The main difference between balance sheets and income statements is that where income statements cover a period of time such as a week, month, or a year, balance sheets are produced for an exact date and time.
- Cash flow
The cash flow statement is similar to your income statement, but the main difference is that it takes into account when the cash actually gets paid to you. It’s important because you are likely to have invoices that won’t be due on receipt, and this report will be vital for knowing what the curve of the cash flow in your business looks like and when you can afford to bear additional expenses, as well as when to replenish your stock without hurting your cash balance.
- Reconciling transactions
The final step in the accounting cycle of a retail store is the balancing of the books, usually performed on a monthly basis, in order to reconcile your records with the actual balance on your business account. When you perform the reconciliation you validate the entire accounting cycle performed beforehand. It is during reconciliation that any discrepancies, errors, and unauthorized expenses come to light. Reconciliation also ensures that filing your taxes is made easier. You can learn more about reconciliation.
What can I do to automate the accounting? Best accounting software for a retail store.
First of all, you might want to look into automating the process of recording transactions and producing accounting reports. You can look at some of the best accounting software for small businesses – QuickBooks Online, Xero, and FreshBooks to decide which one will work best for you.
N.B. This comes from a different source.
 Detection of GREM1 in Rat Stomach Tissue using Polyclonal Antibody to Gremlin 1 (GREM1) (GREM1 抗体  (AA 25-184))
The next step is equipping your business with smart add-ons, which will allow you to take the automation even further and eliminate risks associated with manual data entry. If you sell your products online, Synder is one such example. It will automatically bring transaction data from Stripe, PayPal to QuickBooks Online and Xero in the background, putting transactions in the right categories for the items you have in your accounting system and even updating the inventory for you automatically if your sales receipt contains item information.
Accounting for a retail store isn’t the easiest one, as it combines various lines of actions. You have to choose the fitting method of counting the inventory costs, track the inventory on hand as well as manage other processes typical for any type of business (recording income and expenses, producing accurate financial statements, performing accounting reconciliation – all in order to keep an eye on the health of your business as well as to be ready for tax-filing).
But as you can see, some of these actions will only seem complex in the beginning. In fact, many of them can be managed in the background once you have smart workflows in place, ensuring that you utilize automation to save money and time.